Jump to content

Faʻafafine

From Wikipedia, the free encyclopedia

This is an old revision of this page, as edited by Arria Belli (talk | contribs) at 19:18, 23 February 2007 (corr interwiki fr:). The present address (URL) is a permanent link to this revision, which may differ significantly from the current revision.

Fa'afafine (Samoa), fakaleiti (Tonga), rae rae or mahu (French Polynesia) is a Polynesian concept related to gender role and gender identity.

A common representation alleges that, traditionally, a fa'afafine was a boy raised as a girl in a family with too many male children, and parents chose one son to help the mother with domestic chores. Since these chores were strictly the work of women, and because these boys were doing women's work, they were raised as if they were girls. There is little empirical evidence to support this hypothesis, either historically or in contemporary Samoan society. Instead, fa'afafine simply start out as boys who do not perform Samoan standards of masculinity, which can be exacting, and who identify and are identified by others as effeminate. The identity is a complex combination of self-identification and other-ascription, and it varies widely in the way in which it manifests itself.

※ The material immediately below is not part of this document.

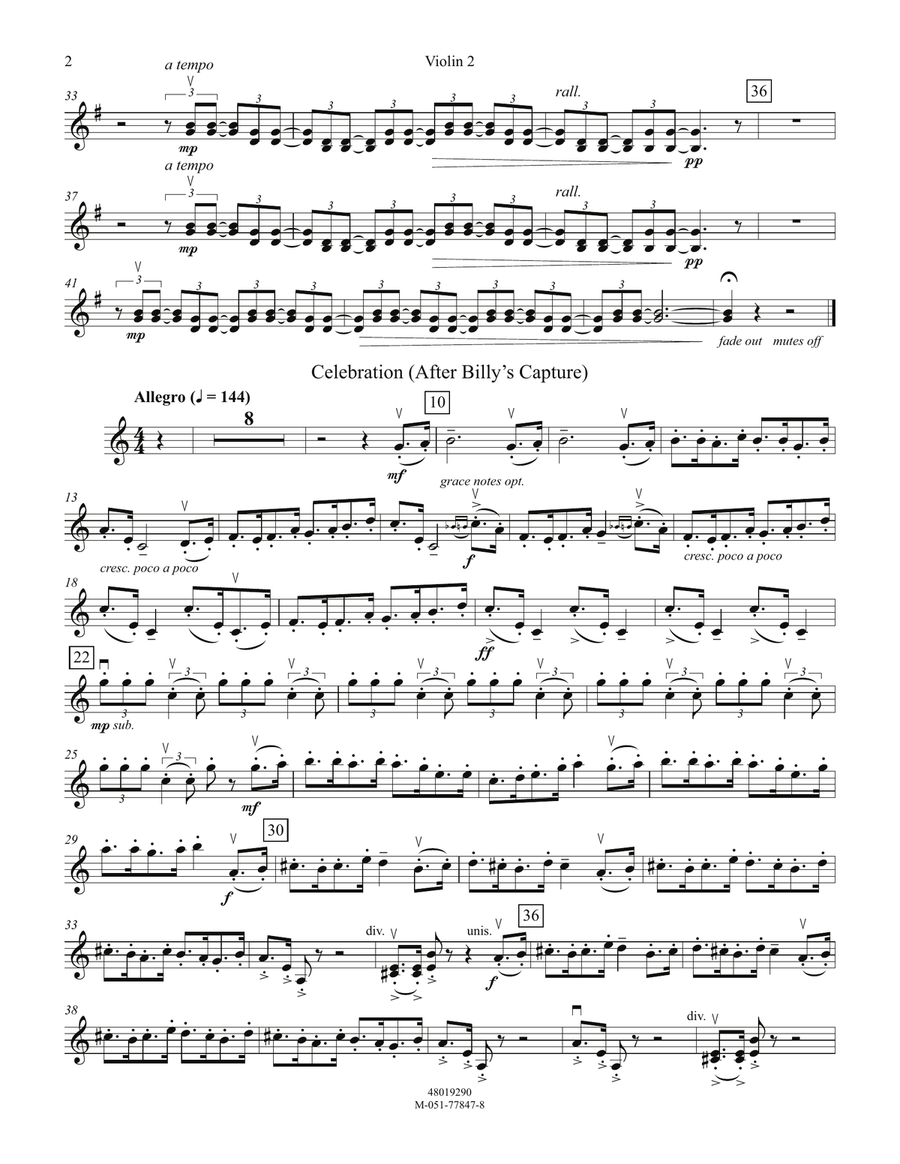 Prairie Night And Celebration (from Billy The Kid) - Violin 2 Orchestra scores gallery preview page 2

Fa'afafine fall in the general and vague category called transgender, which covers a wide variety of gender-crossing persons across societies of the world, and whose vagueness is useful in capturing the wide degree of variation from one person to the other and from one society to the other. They are generally sexually attracted to non-transgender men, although some decide to marry heterosexually, which they are sometimes under a great deal of pressure to do. The attitudes of family members to fa'afafine varies greatly from family to family, with parents sometimes approving of their effeminate sons, particularly since they are more likely than "straight" children to take care of them in their old age, since they will not have a family of their own to take care of.